CGB, which was a loss-making bank in 2001, today has reserves of Rs 7 crore. Mr Reddy recalls the low motivation level of the staff three years ago and how they were burdened with the disrepute of being known as the bank with the lowest per employee and per branch business among the eight RRBs sponsored by Canara Bank.
The turnaround was possible when employees were trained to adopt `best practices that increased the operational efficiency of the bank', according to him. In addition to this, the bank also decided to bring out some innovative deposit and loan schemes.
But most important, maintains Mr Reddy, was the need for a good talent pool. One of the first initiatives the bank undertook was to strengthen the training programmes for the staff. A joint training programme for all the four Canara Bank-sponsored RRBs was put in place. Other processes that helped employees in improving their performance were updation of manuals, improvement and simplification of systems and procedures, and providing better ambience and amenities at bank branches.
"These were some of the internal changes, but we also introduced some innovative schemes for customers that improved deposits and loan disbursement and recovery,'' Mr Reddy said.
For instance, the Sanghakshema Vima Yojane is an insurance-linked savings product developed for self help groups (SHGs). In addition to life risk cover, it provides health insurance cover for the SHG member, spouse and two dependent children up to Rs 10,000.
"In fact, this scheme has become so popular that the Government of India has introduced a similar health insurance scheme for SHGs." Currently, 100 SHGs are being covered under this scheme.
The bank is also reaching out to SHGs through its horticulture development loan to farmers to help them in cultivation of mango, papaya, sapota and pomegranate. "Nearly 1,800 acres have been covered," Mr Reddy says.

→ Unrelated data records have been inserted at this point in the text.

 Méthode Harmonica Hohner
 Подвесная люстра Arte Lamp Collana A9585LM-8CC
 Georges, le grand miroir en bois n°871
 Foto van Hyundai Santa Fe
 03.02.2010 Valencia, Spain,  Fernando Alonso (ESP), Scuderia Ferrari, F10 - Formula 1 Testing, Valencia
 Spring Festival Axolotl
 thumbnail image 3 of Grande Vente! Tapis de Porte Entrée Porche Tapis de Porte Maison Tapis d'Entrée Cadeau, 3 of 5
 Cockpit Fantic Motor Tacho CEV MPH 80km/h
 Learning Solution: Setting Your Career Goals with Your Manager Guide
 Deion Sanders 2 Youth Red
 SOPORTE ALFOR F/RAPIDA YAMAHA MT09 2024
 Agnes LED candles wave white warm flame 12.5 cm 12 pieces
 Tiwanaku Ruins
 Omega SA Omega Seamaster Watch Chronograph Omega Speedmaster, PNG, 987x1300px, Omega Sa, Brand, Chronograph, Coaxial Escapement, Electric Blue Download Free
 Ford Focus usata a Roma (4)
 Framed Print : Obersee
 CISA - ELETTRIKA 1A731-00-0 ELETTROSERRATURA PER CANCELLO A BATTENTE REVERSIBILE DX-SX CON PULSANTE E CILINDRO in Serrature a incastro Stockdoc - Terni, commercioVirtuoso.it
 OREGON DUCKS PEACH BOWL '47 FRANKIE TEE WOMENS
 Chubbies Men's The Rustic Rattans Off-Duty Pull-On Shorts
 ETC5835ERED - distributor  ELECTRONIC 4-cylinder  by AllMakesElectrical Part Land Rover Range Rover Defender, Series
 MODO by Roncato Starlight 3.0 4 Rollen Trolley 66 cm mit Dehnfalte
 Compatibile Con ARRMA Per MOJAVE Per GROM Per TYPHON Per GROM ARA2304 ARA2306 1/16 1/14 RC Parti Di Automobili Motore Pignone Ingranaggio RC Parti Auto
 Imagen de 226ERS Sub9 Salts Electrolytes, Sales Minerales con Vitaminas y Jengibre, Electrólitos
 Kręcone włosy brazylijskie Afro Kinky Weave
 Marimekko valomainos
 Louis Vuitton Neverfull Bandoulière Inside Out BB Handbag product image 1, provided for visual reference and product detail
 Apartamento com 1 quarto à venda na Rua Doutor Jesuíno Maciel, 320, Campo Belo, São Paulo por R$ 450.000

About 25 SHGs have been covered under the pilot project of portfolio financing for micro-watershed development. The aim is to cover about 700 groups in the coming years.
According to Mr Reddy, rural banks should aim at preserving the rural character of the regions they are operating in. "That's why we are focusing on SHGs and Farmer Clubs which are like the two eyes for our bank," he says.